What needs to be done: Below are records to write out again, exactly as they read.

Materials provided:
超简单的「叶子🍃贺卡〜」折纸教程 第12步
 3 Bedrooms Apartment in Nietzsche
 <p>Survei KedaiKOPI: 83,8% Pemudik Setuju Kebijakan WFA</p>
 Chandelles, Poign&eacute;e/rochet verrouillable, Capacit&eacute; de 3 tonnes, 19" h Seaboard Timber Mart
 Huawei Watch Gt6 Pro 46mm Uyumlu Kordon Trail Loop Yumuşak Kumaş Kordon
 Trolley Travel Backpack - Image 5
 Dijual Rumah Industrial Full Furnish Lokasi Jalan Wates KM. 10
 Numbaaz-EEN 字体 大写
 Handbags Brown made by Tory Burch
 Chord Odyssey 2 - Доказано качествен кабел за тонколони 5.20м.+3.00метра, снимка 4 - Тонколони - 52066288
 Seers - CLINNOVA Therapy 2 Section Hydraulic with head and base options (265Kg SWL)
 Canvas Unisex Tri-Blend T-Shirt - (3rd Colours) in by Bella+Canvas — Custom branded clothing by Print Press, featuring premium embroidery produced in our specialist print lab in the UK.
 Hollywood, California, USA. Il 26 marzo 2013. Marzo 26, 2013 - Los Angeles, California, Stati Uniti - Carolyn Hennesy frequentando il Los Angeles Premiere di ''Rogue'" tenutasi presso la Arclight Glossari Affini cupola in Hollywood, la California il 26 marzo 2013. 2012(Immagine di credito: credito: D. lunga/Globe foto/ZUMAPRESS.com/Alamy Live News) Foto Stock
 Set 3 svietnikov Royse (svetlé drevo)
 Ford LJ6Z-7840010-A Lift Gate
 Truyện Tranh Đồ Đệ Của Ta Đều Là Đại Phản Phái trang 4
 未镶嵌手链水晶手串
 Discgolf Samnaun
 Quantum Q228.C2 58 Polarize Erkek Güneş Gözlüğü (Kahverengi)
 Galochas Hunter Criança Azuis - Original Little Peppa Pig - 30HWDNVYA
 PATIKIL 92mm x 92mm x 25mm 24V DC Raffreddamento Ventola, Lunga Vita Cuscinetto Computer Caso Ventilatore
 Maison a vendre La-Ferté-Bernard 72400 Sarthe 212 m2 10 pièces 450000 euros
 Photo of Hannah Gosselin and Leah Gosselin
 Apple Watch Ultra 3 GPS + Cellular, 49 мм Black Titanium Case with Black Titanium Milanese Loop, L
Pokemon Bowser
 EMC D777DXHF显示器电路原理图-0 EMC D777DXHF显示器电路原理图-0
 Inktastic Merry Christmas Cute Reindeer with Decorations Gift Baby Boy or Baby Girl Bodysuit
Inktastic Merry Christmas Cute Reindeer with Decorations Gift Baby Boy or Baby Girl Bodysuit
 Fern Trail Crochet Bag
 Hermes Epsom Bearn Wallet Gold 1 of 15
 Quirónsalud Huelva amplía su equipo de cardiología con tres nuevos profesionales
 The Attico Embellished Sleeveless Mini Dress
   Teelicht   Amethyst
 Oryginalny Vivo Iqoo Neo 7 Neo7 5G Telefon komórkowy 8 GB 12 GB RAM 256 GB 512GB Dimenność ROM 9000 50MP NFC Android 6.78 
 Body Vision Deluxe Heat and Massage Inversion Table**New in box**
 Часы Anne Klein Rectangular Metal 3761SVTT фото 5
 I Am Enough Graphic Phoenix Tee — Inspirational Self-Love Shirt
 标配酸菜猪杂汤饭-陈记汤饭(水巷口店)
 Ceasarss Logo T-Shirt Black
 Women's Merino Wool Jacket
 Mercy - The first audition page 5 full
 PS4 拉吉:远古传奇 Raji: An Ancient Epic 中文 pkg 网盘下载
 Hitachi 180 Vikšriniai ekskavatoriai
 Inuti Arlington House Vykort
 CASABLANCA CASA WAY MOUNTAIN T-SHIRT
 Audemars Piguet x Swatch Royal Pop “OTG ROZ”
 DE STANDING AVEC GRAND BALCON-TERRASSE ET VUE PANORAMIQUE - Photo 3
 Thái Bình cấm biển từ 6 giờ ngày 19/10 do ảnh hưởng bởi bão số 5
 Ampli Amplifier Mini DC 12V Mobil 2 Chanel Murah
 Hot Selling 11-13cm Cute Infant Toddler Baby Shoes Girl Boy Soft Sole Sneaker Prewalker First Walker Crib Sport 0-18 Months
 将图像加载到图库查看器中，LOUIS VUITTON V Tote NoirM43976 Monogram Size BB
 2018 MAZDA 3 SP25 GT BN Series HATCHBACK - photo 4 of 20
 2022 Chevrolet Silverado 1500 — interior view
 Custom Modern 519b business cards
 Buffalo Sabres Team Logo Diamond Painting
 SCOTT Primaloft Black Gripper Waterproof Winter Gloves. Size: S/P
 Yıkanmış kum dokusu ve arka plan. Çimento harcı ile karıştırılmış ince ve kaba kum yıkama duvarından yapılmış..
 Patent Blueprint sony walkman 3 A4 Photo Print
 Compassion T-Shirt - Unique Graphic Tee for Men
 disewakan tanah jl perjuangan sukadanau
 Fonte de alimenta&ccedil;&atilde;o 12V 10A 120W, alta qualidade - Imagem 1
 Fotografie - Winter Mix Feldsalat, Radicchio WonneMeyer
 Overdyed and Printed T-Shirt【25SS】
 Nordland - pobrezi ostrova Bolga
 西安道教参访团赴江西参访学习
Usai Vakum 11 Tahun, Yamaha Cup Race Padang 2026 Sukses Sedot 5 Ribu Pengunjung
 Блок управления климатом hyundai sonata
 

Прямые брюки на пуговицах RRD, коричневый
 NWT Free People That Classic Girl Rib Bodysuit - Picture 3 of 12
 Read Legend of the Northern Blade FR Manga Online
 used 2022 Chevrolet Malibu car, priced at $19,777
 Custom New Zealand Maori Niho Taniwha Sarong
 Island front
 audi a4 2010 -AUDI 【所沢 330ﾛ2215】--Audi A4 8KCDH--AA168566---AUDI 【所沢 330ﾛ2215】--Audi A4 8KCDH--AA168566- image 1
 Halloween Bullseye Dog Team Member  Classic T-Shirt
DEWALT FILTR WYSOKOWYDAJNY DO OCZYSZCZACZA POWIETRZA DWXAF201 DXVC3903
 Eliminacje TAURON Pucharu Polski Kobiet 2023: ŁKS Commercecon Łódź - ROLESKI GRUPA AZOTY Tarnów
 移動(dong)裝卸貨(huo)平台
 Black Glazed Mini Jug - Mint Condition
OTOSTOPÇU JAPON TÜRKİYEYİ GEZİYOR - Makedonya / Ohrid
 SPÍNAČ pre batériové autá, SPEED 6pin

Exercise answer:
超简单的「叶子🍃贺卡〜」折纸教程 第12步
 3 Bedrooms Apartment in Nietzsche
 <p>Survei KedaiKOPI: 83,8% Pemudik Setuju Kebijakan WFA</p>
 Chandelles, Poign&eacute;e/rochet verrouillable, Capacit&eacute; de 3 tonnes, 19" h Seaboard Timber Mart
 Huawei Watch Gt6 Pro 46mm Uyumlu Kordon Trail Loop Yumuşak Kumaş Kordon
 Trolley Travel Backpack - Image 5
 Dijual Rumah Industrial Full Furnish Lokasi Jalan Wates KM. 10
 Numbaaz-EEN 字体 大写
 Handbags Brown made by Tory Burch
 Chord Odyssey 2 - Доказано качествен кабел за тонколони 5.20м.+3.00метра, снимка 4 - Тонколони - 52066288
 Seers - CLINNOVA Therapy 2 Section Hydraulic with head and base options (265Kg SWL)
 Canvas Unisex Tri-Blend T-Shirt - (3rd Colours) in by Bella+Canvas — Custom branded clothing by Print Press, featuring premium embroidery produced in our specialist print lab in the UK.
 Hollywood, California, USA. Il 26 marzo 2013. Marzo 26, 2013 - Los Angeles, California, Stati Uniti - Carolyn Hennesy frequentando il Los Angeles Premiere di ''Rogue'" tenutasi presso la Arclight Glossari Affini cupola in Hollywood, la California il 26 marzo 2013. 2012(Immagine di credito: credito: D. lunga/Globe foto/ZUMAPRESS.com/Alamy Live News) Foto Stock
 Set 3 svietnikov Royse (svetlé drevo)
 Ford LJ6Z-7840010-A Lift Gate
 Truyện Tranh Đồ Đệ Của Ta Đều Là Đại Phản Phái trang 4
 未镶嵌手链水晶手串
 Discgolf Samnaun
 Quantum Q228.C2 58 Polarize Erkek Güneş Gözlüğü (Kahverengi)
 Galochas Hunter Criança Azuis - Original Little Peppa Pig - 30HWDNVYA
 PATIKIL 92mm x 92mm x 25mm 24V DC Raffreddamento Ventola, Lunga Vita Cuscinetto Computer Caso Ventilatore
 Maison a vendre La-Ferté-Bernard 72400 Sarthe 212 m2 10 pièces 450000 euros
 Photo of Hannah Gosselin and Leah Gosselin
 Apple Watch Ultra 3 GPS + Cellular, 49 мм Black Titanium Case with Black Titanium Milanese Loop, L
Pokemon Bowser
 EMC D777DXHF显示器电路原理图-0 EMC D777DXHF显示器电路原理图-0
 Inktastic Merry Christmas Cute Reindeer with Decorations Gift Baby Boy or Baby Girl Bodysuit
Inktastic Merry Christmas Cute Reindeer with Decorations Gift Baby Boy or Baby Girl Bodysuit
 Fern Trail Crochet Bag
 Hermes Epsom Bearn Wallet Gold 1 of 15
 Quirónsalud Huelva amplía su equipo de cardiología con tres nuevos profesionales
 The Attico Embellished Sleeveless Mini Dress
   Teelicht   Amethyst
 Oryginalny Vivo Iqoo Neo 7 Neo7 5G Telefon komórkowy 8 GB 12 GB RAM 256 GB 512GB Dimenność ROM 9000 50MP NFC Android 6.78 
 Body Vision Deluxe Heat and Massage Inversion Table**New in box**
 Часы Anne Klein Rectangular Metal 3761SVTT фото 5
 I Am Enough Graphic Phoenix Tee — Inspirational Self-Love Shirt
 标配酸菜猪杂汤饭-陈记汤饭(水巷口店)
 Ceasarss Logo T-Shirt Black
 Women's Merino Wool Jacket
 Mercy - The first audition page 5 full
 PS4 拉吉:远古传奇 Raji: An Ancient Epic 中文 pkg 网盘下载
 Hitachi 180 Vikšriniai ekskavatoriai
 Inuti Arlington House Vykort
 CASABLANCA CASA WAY MOUNTAIN T-SHIRT
 Audemars Piguet x Swatch Royal Pop “OTG ROZ”
 DE STANDING AVEC GRAND BALCON-TERRASSE ET VUE PANORAMIQUE - Photo 3
 Thái Bình cấm biển từ 6 giờ ngày 19/10 do ảnh hưởng bởi bão số 5
 Ampli Amplifier Mini DC 12V Mobil 2 Chanel Murah
 Hot Selling 11-13cm Cute Infant Toddler Baby Shoes Girl Boy Soft Sole Sneaker Prewalker First Walker Crib Sport 0-18 Months
 将图像加载到图库查看器中，LOUIS VUITTON V Tote NoirM43976 Monogram Size BB
 2018 MAZDA 3 SP25 GT BN Series HATCHBACK - photo 4 of 20
 2022 Chevrolet Silverado 1500 — interior view
 Custom Modern 519b business cards
 Buffalo Sabres Team Logo Diamond Painting
 SCOTT Primaloft Black Gripper Waterproof Winter Gloves. Size: S/P
 Yıkanmış kum dokusu ve arka plan. Çimento harcı ile karıştırılmış ince ve kaba kum yıkama duvarından yapılmış..
 Patent Blueprint sony walkman 3 A4 Photo Print
 Compassion T-Shirt - Unique Graphic Tee for Men
 disewakan tanah jl perjuangan sukadanau
 Fonte de alimenta&ccedil;&atilde;o 12V 10A 120W, alta qualidade - Imagem 1
 Fotografie - Winter Mix Feldsalat, Radicchio WonneMeyer
 Overdyed and Printed T-Shirt【25SS】
 Nordland - pobrezi ostrova Bolga
 西安道教参访团赴江西参访学习
Usai Vakum 11 Tahun, Yamaha Cup Race Padang 2026 Sukses Sedot 5 Ribu Pengunjung
 Блок управления климатом hyundai sonata
 

Прямые брюки на пуговицах RRD, коричневый
 NWT Free People That Classic Girl Rib Bodysuit - Picture 3 of 12
 Read Legend of the Northern Blade FR Manga Online
 used 2022 Chevrolet Malibu car, priced at $19,777
 Custom New Zealand Maori Niho Taniwha Sarong
 Island front
 audi a4 2010 -AUDI 【所沢 330ﾛ2215】--Audi A4 8KCDH--AA168566---AUDI 【所沢 330ﾛ2215】--Audi A4 8KCDH--AA168566- image 1
 Halloween Bullseye Dog Team Member  Classic T-Shirt
DEWALT FILTR WYSOKOWYDAJNY DO OCZYSZCZACZA POWIETRZA DWXAF201 DXVC3903
 Eliminacje TAURON Pucharu Polski Kobiet 2023: ŁKS Commercecon Łódź - ROLESKI GRUPA AZOTY Tarnów
 移動(dong)裝卸貨(huo)平台
 Black Glazed Mini Jug - Mint Condition
OTOSTOPÇU JAPON TÜRKİYEYİ GEZİYOR - Makedonya / Ohrid
 SPÍNAČ pre batériové autá, SPEED 6pin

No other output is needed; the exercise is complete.